Inspiration was the challenge published by T-Systems on hackkosice 2019
What it does
Grabs the audio stream from computer microphone and with use of Google Cloud Platform services, it transcribes the captured audio to text and then translate the text to target language and send it to simple frontend.
Fasttext embeddings are used to enhance the transcription - if there is a transcription with low confidence, it will try to replace it with word, which has the highest probability of occurence in given context.
How we built it
Using Google Cloud Platform services - this integration, along with word embeddings was handled by Marko Sahan, using platform and his personal Google Cloud Platform account (there is a free 300 dollar trial for new users).
Integration of translation into simple website (shows as a stream of text), with basic integration to Webex was done by Jaroslav Loebl.
Challenges we ran into
Jaroslav killed a lots of hours by imlementing the non-blocking streaming of translation results to frontend. It was mainly caused by low knowledge of asyncio.

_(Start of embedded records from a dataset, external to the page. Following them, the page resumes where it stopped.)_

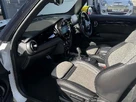 2021-mini-cooper-e-cooper-s-2-small-27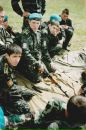 Діма Чечотка фотография #34 (источник - https://vk.com/id124295476)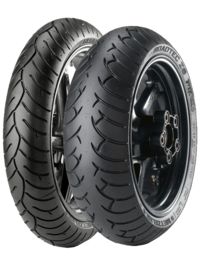 METZELER Roadtec Z6 METZELER Roadtec Z6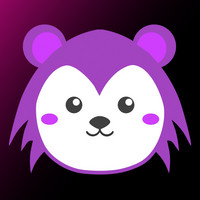 paw_collection: 939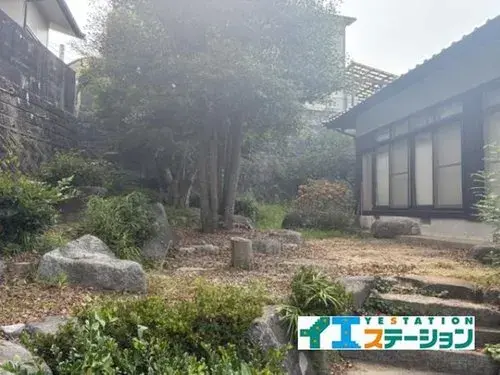 4LDK+S Ciudad de Itoshima Prefectura de Fukuoka (6)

Marko for the first time used the Google Cloud Platform and working under the time pressure was also strong experience.
Accomplishments that we're proud of
Working PoC, which transcribe and translate captured audio and show it to user.
What we learned
Jaroslav learned a lot about asyncio and parallel processes in Python and Marko got hands dirty with GCP
What's next for Tapir (speech-to-text-to-translate)
An actual sending of translated text to other webex users, as subtitles.